Starting at the first line of the records below, transcribe each line exactly, ending with the line that contains "Volkswagen Golf Plus - 27".

Extracted records
*** Block opens ***
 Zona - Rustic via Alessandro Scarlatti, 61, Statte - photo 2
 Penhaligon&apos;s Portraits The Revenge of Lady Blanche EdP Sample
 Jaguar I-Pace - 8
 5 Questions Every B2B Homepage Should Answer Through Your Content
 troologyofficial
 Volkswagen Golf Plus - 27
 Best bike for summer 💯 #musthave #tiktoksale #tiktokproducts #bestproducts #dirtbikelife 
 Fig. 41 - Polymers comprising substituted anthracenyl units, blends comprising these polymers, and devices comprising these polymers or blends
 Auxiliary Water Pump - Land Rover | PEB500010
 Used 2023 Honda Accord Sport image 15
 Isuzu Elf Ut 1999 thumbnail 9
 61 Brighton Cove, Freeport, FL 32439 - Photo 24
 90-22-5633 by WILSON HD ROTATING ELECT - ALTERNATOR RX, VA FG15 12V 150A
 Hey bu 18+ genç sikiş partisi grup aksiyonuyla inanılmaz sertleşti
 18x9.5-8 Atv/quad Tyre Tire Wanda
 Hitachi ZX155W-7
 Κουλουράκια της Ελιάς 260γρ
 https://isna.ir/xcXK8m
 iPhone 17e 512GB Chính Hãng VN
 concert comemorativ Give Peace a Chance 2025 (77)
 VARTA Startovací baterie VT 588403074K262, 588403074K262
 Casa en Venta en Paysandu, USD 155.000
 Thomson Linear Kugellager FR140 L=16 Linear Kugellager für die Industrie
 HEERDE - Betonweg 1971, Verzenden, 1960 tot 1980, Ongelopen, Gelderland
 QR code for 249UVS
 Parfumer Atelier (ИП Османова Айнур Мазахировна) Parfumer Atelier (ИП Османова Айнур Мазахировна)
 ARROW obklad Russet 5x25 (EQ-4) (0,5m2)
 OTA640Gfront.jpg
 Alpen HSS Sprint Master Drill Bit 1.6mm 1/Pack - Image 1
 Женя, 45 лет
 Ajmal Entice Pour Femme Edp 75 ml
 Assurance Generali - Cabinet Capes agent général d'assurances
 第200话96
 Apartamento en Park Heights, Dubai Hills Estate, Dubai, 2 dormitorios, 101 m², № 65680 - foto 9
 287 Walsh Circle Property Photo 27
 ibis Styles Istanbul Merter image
*** Block closes ***
Finished task
 Zona - Rustic via Alessandro Scarlatti, 61, Statte - photo 2
 Penhaligon&apos;s Portraits The Revenge of Lady Blanche EdP Sample
 Jaguar I-Pace - 8
 5 Questions Every B2B Homepage Should Answer Through Your Content
 troologyofficial
 Volkswagen Golf Plus - 27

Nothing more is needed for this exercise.